• [Problem to solve] Please set down, with no changes, every line of the material below from the one containing "istock Business people" through the end. Skip the pictures.

• [Source material]
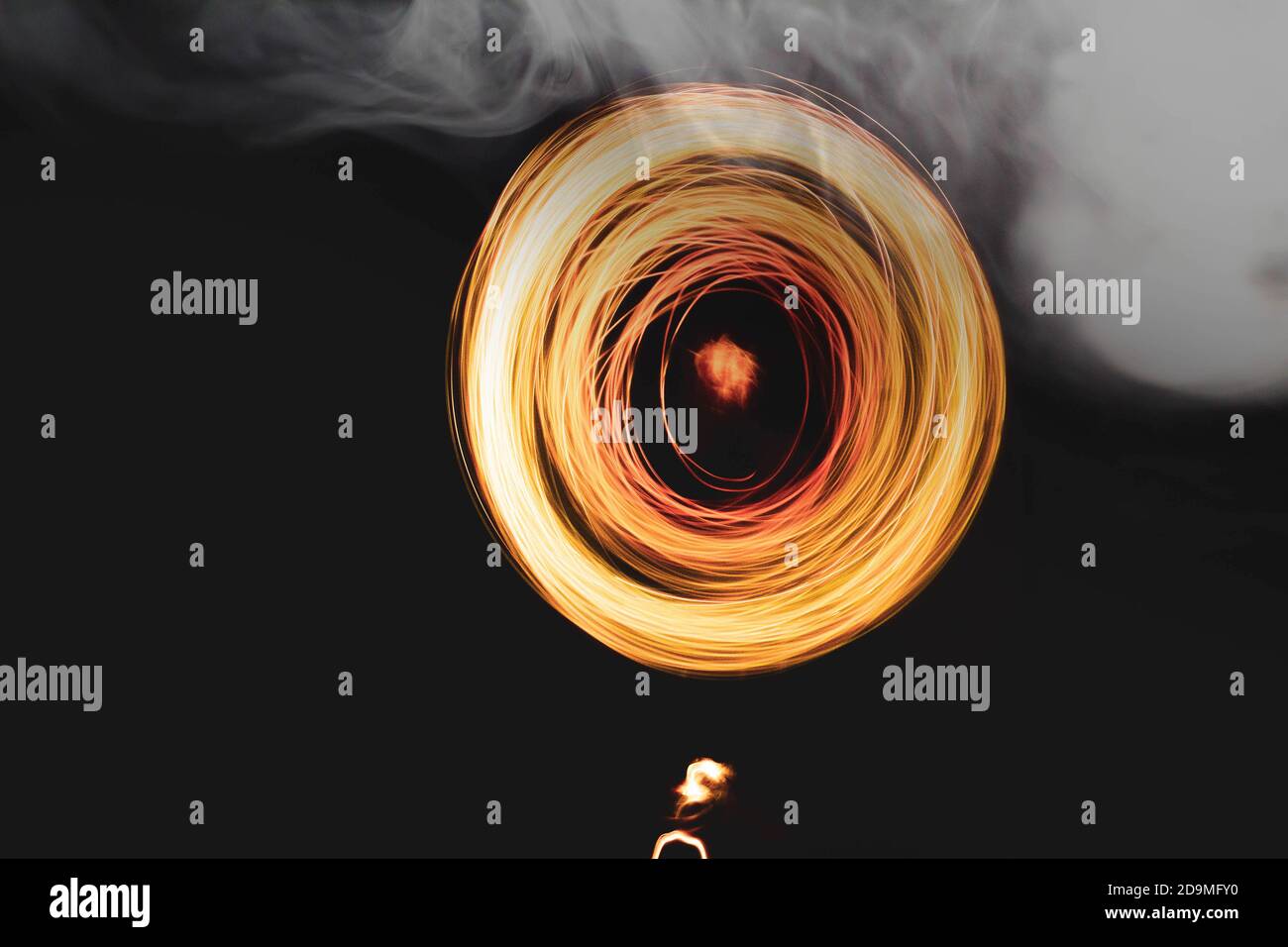 mano con fuoco e spirale leggera che crea fumo bianco Foto Stock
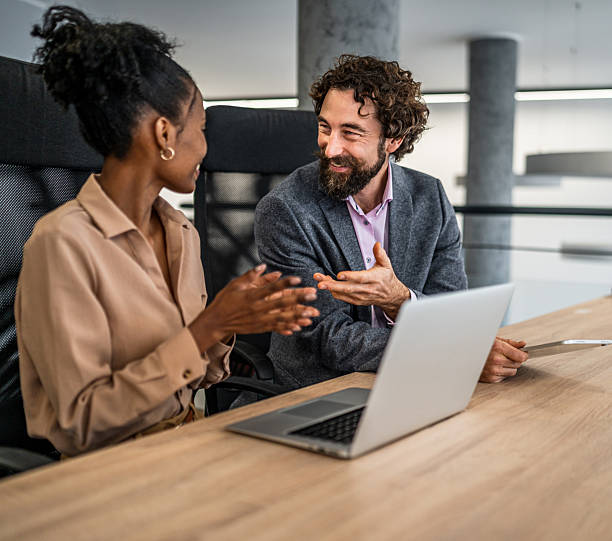 istock Business people collaborating on laptop in modern office 2253174558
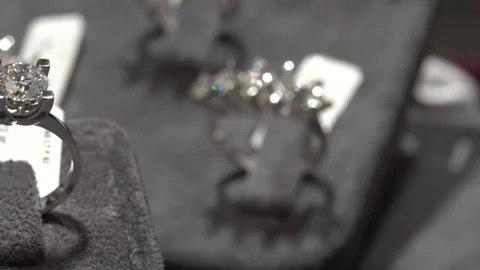 Solitaire ring shine panning. Diamond ring hand made jewelery Stock Footage 139734175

• [Answer below]
 istock Business people collaborating on laptop in modern office 2253174558
 Solitaire ring shine panning. Diamond ring hand made jewelery Stock Footage 139734175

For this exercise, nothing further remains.